Crushing the head of Primordial Soul, turning his left hand red, Rowan took a step and his figure blurred across space to stand before the Primordials. He wore no armor except knee-length breeches, leaving his upper body bare.
Arcane runes flowed across his torso, each held significance that could crush all creation, and with the blood of two Primordials on his arms, his present form could hardly be described.
Bringing up a bloody arm, he pointed towards the Primordial Demon,
“You, Xylos, the First Doubt—you who spun the threads of conspiracy that bound my family in chains of fate. You thought your webs could catch a falling Creator. But I am no longer falling. I am rising. And I will burn every single thread until you are left naked in the glare of your own treachery.”
The arm pointed towards the next target, Primordial Life,
“You, Vorthas, the Heart-Eater—you who consumed the joy, the love, the very essence of those I cherished. You gorged yourself on life and called it strength. But you have digested my light, and now that light turns to fire in your belly. I am that fire.”
The hand pointed towards Primordial Time, and the force of Rowan’s Will stripped away his secrets, and his name was known to him.
“You, Xyris, the Silent—you who watched. Who judged. Who gave the nod with a blink of your cold, distant eye as your sister tore me from the womb? Your silence was your assent. Your inaction, your crime. I will break your vow of silence with a scream that will forever echo in your hollow core.”

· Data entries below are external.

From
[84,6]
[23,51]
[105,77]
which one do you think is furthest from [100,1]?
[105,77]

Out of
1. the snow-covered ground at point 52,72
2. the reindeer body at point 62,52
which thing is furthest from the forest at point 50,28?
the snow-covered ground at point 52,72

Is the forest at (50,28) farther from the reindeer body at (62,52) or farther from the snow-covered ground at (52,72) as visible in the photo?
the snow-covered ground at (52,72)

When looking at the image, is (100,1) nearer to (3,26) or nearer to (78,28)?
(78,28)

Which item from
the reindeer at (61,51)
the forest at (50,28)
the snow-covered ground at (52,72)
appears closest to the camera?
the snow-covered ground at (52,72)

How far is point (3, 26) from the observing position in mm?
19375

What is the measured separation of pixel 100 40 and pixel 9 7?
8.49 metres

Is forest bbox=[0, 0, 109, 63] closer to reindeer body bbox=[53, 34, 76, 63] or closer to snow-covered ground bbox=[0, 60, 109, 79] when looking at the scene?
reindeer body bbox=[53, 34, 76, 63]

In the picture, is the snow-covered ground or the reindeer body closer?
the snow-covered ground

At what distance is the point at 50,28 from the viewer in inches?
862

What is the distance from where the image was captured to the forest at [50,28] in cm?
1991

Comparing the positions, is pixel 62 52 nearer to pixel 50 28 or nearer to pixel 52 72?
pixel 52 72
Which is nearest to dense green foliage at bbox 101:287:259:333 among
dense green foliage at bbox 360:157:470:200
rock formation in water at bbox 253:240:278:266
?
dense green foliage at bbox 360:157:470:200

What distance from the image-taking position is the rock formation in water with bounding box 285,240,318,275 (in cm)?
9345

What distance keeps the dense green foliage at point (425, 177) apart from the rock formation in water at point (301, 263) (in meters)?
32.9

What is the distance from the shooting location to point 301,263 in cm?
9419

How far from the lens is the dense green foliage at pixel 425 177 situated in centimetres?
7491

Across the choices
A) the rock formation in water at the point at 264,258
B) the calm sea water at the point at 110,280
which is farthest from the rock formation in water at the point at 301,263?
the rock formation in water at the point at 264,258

Then, disregarding Primordial Imagination, he pointed at last to Primordial Memory, and his words held a much greater heat, causing this Primordial to flinch.
“And you… Elgorath. The First Cause. The architect of my ruin. You who held the quill and dipped it in nothingness to write the end of my story. You were mistaken. The story was not over. You merely turned the page and found it blank. And now, I write upon that page. In blood. In fire. In the unmaking of epochs. You took from me all that there was to take. And in doing so, you left me with nothing. And nothing… is what I now have to lose. You, however… You have everything left to lose. Your thrones. Your dominion. Your very names.”

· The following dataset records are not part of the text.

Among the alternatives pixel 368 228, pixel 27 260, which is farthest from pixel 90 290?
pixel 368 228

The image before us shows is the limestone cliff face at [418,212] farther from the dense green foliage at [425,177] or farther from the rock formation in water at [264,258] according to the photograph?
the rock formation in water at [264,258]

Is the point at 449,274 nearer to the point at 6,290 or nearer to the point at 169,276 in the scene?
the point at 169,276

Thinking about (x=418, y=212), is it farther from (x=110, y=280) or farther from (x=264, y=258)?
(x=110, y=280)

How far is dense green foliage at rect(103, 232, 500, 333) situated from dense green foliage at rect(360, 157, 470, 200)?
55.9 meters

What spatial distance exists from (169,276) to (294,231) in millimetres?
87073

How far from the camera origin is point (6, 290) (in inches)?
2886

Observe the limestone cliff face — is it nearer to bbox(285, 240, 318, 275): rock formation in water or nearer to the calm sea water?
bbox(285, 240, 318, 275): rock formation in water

He had listed the crimes of these five, and although there were more, too many ever to be counted, Rowan knew he would make them pay for all of them.
A thrill of pure, existential terror ran through the five cosmic pillars. They understood what was coming. It was not punishment. It was something far more terrifying.
Rowan turned his body sideways, and Reality seemed to shift. This was a pose for battle.
“Ready yourselves.”
The two words were not a warning. They were a preparation phase, a necessary interval for a system to brace for an incoming force. They were the moment of silence before the symphony.
“I am about to attack.”
"This translation was made by our team, to read more translated novels please visite www.readernovel.net"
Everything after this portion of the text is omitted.